La récente flambée des prix de l'énergie, exacerbée par les conflits au Moyen-Orient, a dominé les discussions lors de la dernière réunion de la Banque centrale européenne (BCE). Les économistes s'interrogent sur les répercussions de cette situation sur l'inflation et la croissance dans la zone euro.
Le détroit d'Ormuz, par lequel transite environ 20% du pétrole mondial, est presque paralysé suite aux tensions avec l'Iran. Cette situation conduit à des attaques contre les infrastructures énergétiques du Golfe, provoquant une hausse significative des prix du pétrole et du gaz. Ces augmentations impactent directement les consommateurs européens, notamment sur les combustibles et au sein des industries consommatrices d'énergie.
La prolongation du conflit pourrait ainsi compliquer davantage la croissance déjà fragile de la zone euro tout en alimentant une inflation qui représente un défi majeur pour la BCE. Malgré ces pressions inflationnistes, l'institution monétaire pourrait décider de maintenir ses taux d'intérêt inchangés à court terme, permettant ainsi une évaluation plus approfondie de la situation qui ne fait que commencer.
Le taux de dépôt, actuellement fixé à 2% depuis juillet, devrait rester stable même si l'inflation oscille autour de l'objectif de 2%. Reinhard Pfingsten, directeur des investissements d'ApoBank, a expliqué à l'AFP qu'en l'absence d'accélération mesurable de l'inflation sous-jacente, la BCE n'a pas d'argument fort pour un relèvement immédiat des taux, préférant "naviguer à vue". D'autres banques centrales, comme la Réserve fédérale américaine et la Banque d'Angleterre, ont également opté pour une approche prudente dans ce contexte incertain.

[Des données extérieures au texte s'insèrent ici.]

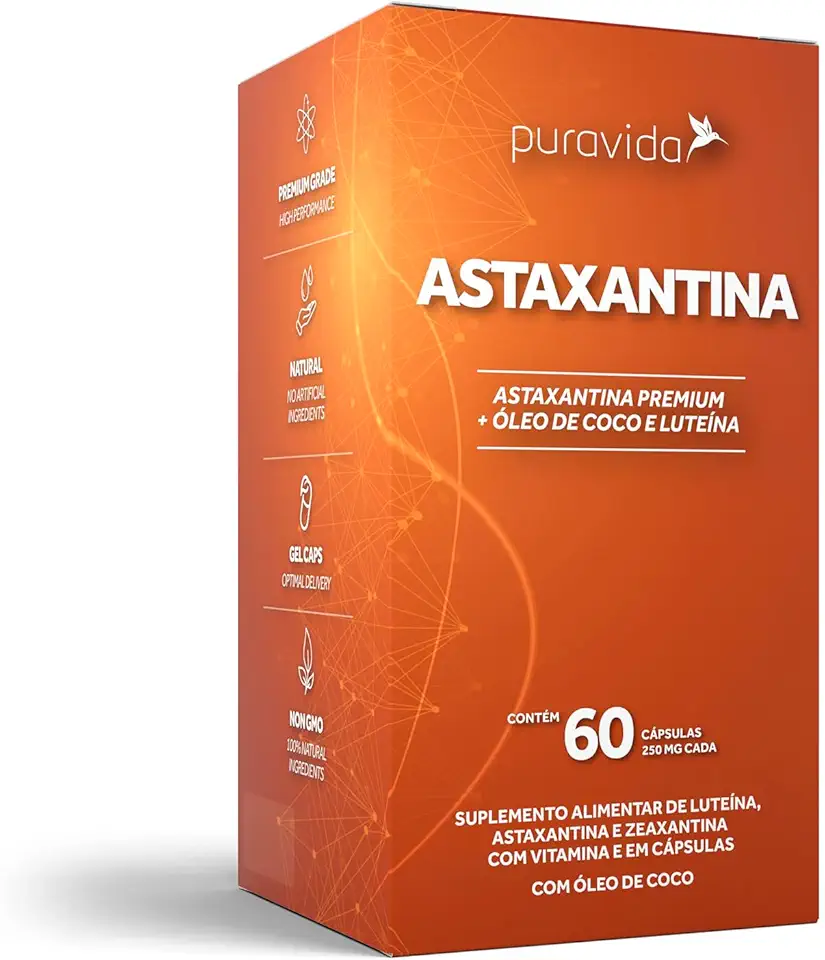 Astaxantina - 60 Cápsulas - Puravida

La BCE prendra ses décisions en tenant compte de nouvelles projections économiques qui s'étendent jusqu'en 2028. Ces projections doivent intégrer les hausses récentes du prix du pétrole Brent et du gaz, avec un impact difficile à évaluer sur l’économie réelle. Felix Schmidt, économiste chez Berenberg, anticipe que Christine Lagarde, présidente de la BCE, mettra l'accent sur l'incertitude actuelle et sur une approche conditionnée par les données.
La BCE pourrait également se retrouver sous pression pour relativiser les leçons tirées de la forte inflation qui a suivi l'invasion de l'Ukraine. Jack Allen-Reynolds de Capital Economics souligne qu'à l'époque, un ensemble de politiques monétaires et budgétaires favorables, couplé à des crises des chaînes d'approvisionnement, avait créé une situation propice à l'inflation. Selon lui, "nous ne sommes plus dans ce monde-là aujourd'hui".
Enfin, la question de l'avenir de Christine Lagarde à la tête de la BCE pourrait également être soulevée, particulièrement après des rumeurs sur une éventuelle démission anticipée avant 2027. Malgré les spéculations, elle a assuré qu'elle envisageait de poursuivre son mandat jusqu'à son terme.